Konstantin Sigismundovich Zharnovetsky (Russian: Константин Сигизмундович Жарновецкий, 1881, Yerevan – 1941, Leningrad) was a Russian Bolshevik, a commissar of the Peterhof Military Revolutionary Committee, the head of the Red Army in the city of Narva, a professor heading the faculty of social studies at Leningrad University.

Biography edit

Zharnovetsky was born in Erivan (modern Yerevan, Armenia), in the family of white-collar worker. In 1900, after graduating from the high school, he came to St. Petersburg and entered the historical-philological faculty of St. Petersburg State University, and graduated in 1904.

Since 1900, he was a member of the Petersburg Committee of the Russian Social Democratic Labour Party (of Bolsheviks). On March 15, 1904, he joined the Bolshevik Party; in 1905, he was a member of the Petersburg Committee of the RSDLP(b). Since 1906, Zharnovetsky was in the city committee of the Military Organization of the Bolsheviks. During 1906–1910, he was repeatedly arrested and banished from St. Petersburg; since 1910, he settled in Peterhof and taught the history of Russian literature in the gymnasium for boys named after Emperor Alexander II.

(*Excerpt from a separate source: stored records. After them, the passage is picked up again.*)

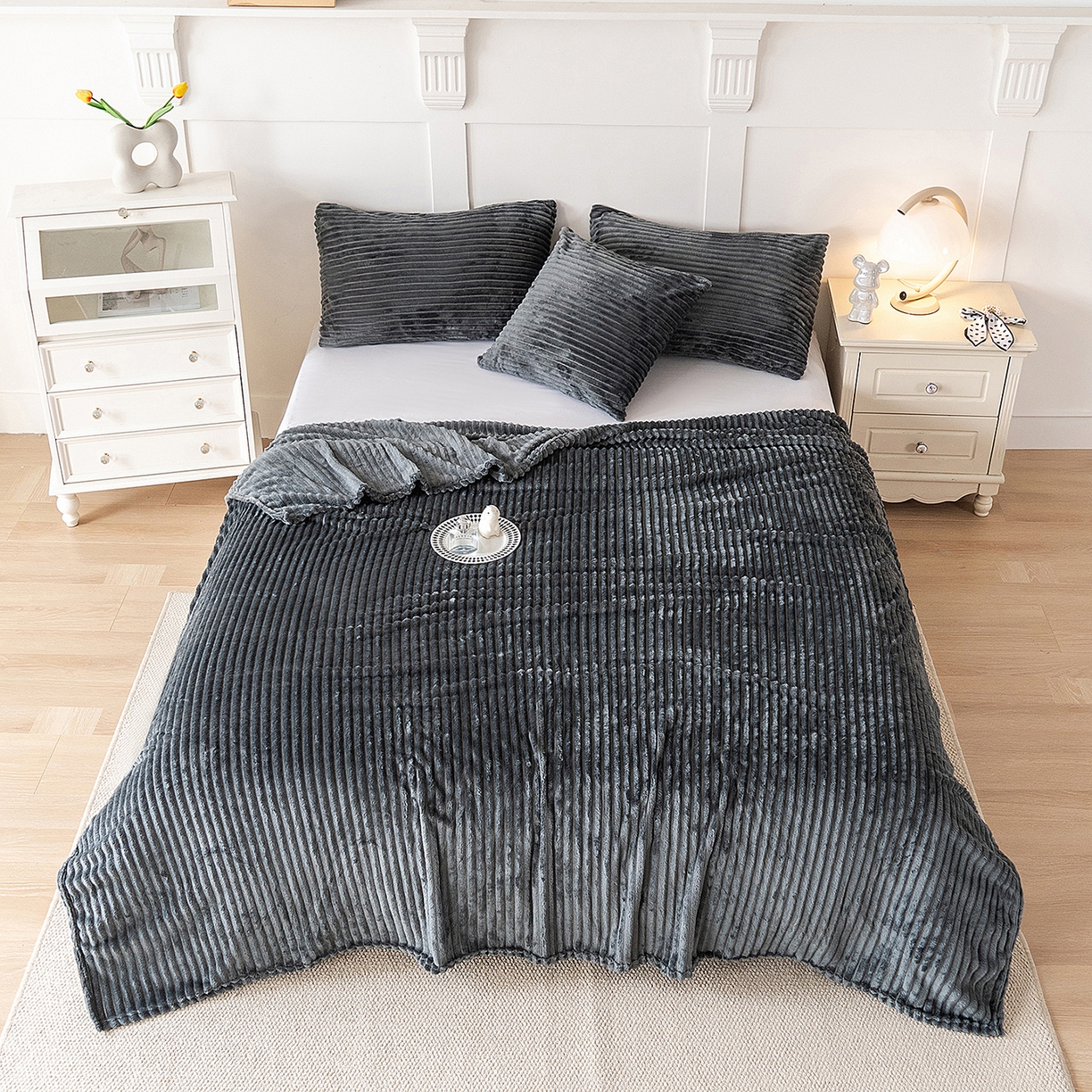 91家纺网 家纺一手货源 找家纺 楼兰公主 2025新款小抽条纯色双面绒毛毯 深灰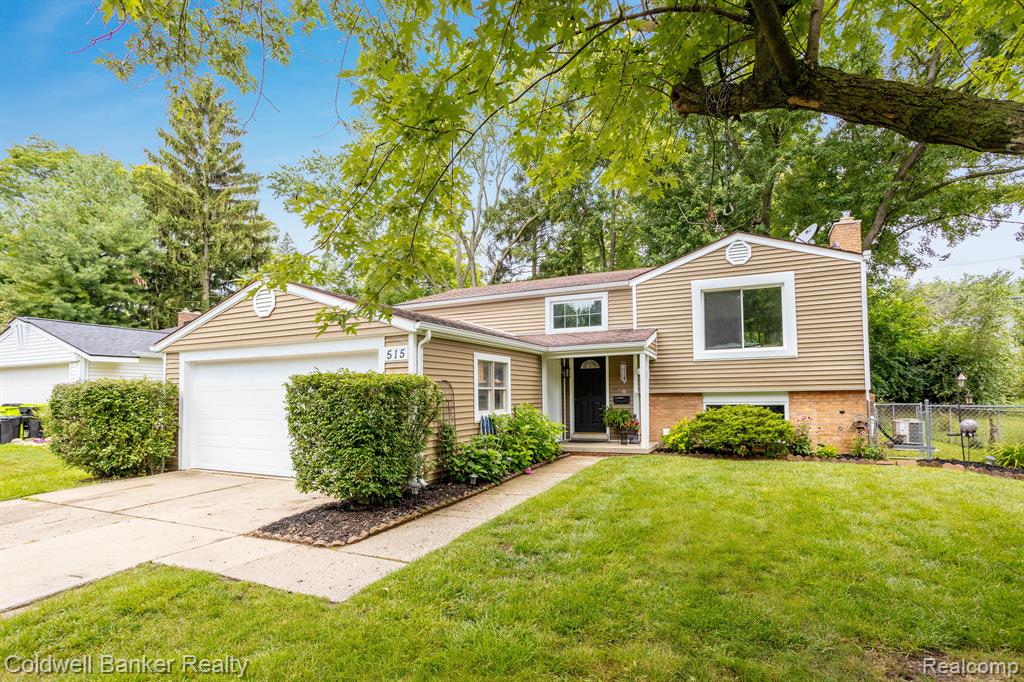 Reed St, Northville, MI 48167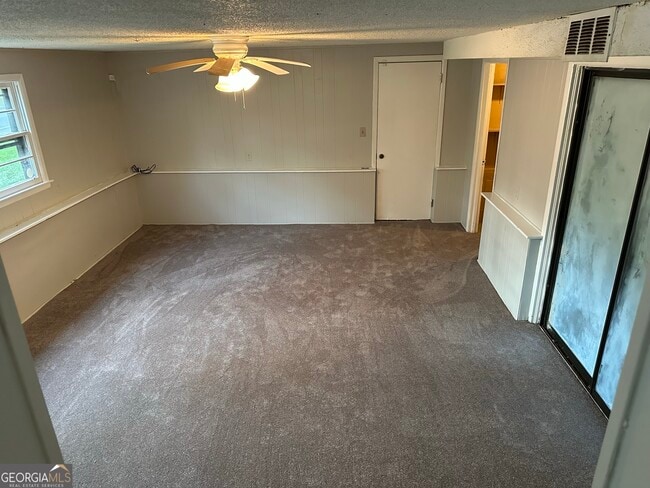 Building Photo - 498 North Ave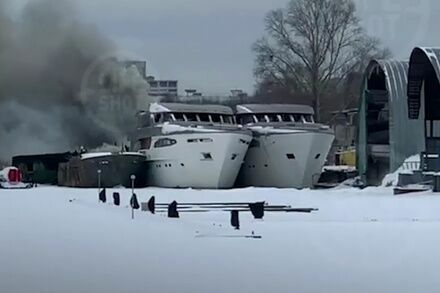 На Москве-реке загорелся прогулочный корабль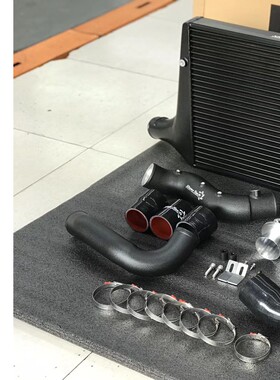 SNOWTECH加大中冷B8 B8.5 A4L A5 Q5 A6 A7 MACAN 2.0T中冷器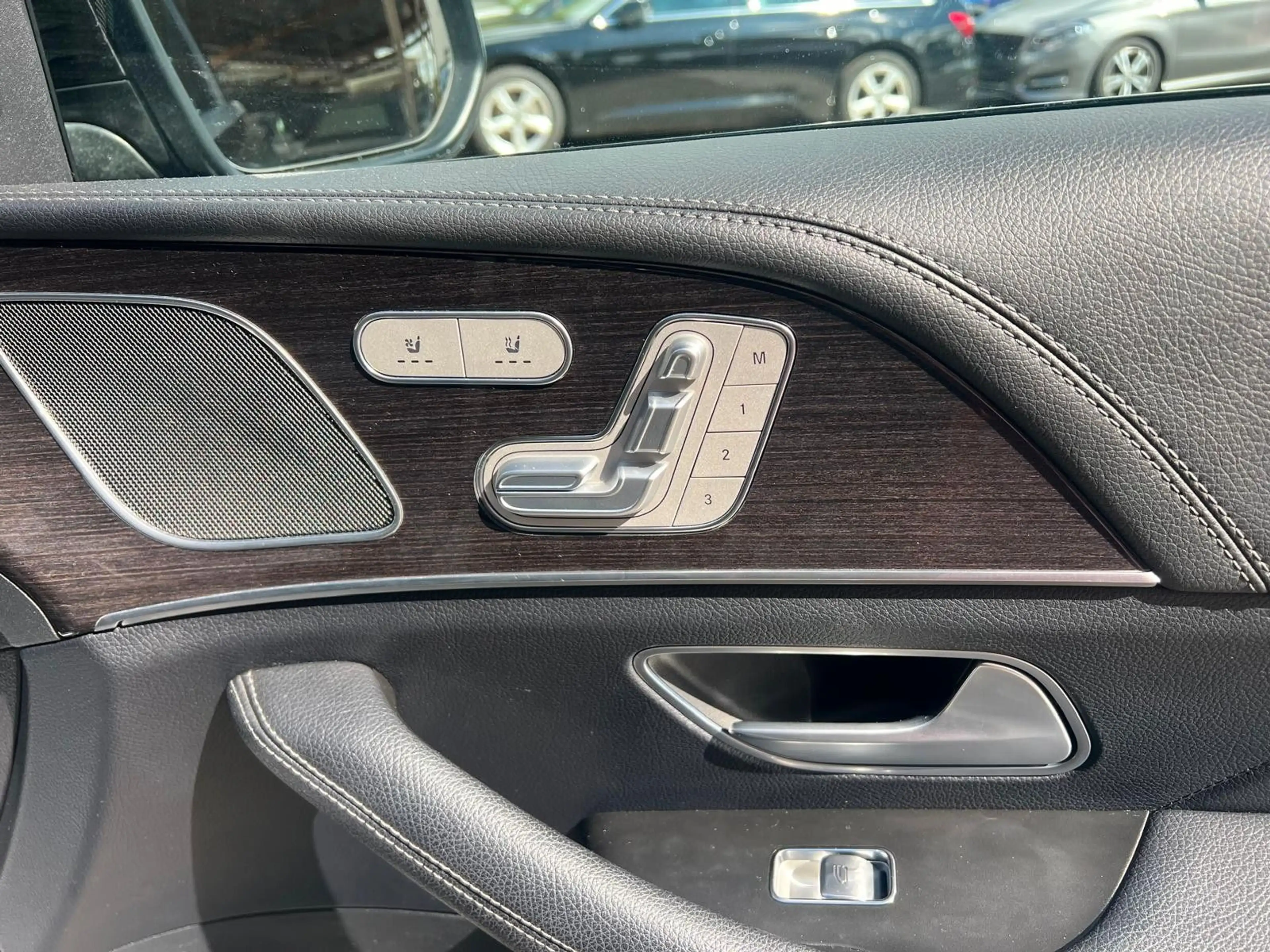 Mercedes-Benz GLS 350 GLS GLS 350 d 4Matic — photo 20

After February 1917, he was one of institutors of the Peterhof Council and the Party Committee of Bolsheviks. He also actively propagandized the ideas among soldiers. In July, 1917, he was arrested under the order of the Interim Government, but he was released due to the pressure of military committees. From October 1917, he became the Commissioner of the Peterhof Military Revolutionary Committee, he also participated in the battles against the General Krasnov in Krasnoye Selo. Subsequently, he worked in Narva as the municipal chief of the Red Guards and the editor of “Narva news”. After the Brest peace, he returned to Petrograd and was appointed as the head of agitation and propaganda department of the gubernial Party Committee.

In 1918, as the Commissioner and a member of the Revolutionary Military Council of the ninth Army, he took part in the battles against the armies of General Nikolai Yudenich. After the Civil War, he taught the social sciences in different higher educational establishments in Leningrad. Since 1931, he became a professor heading the faculty of social sciences in the Leningrad University. He died during the siege of Leningrad.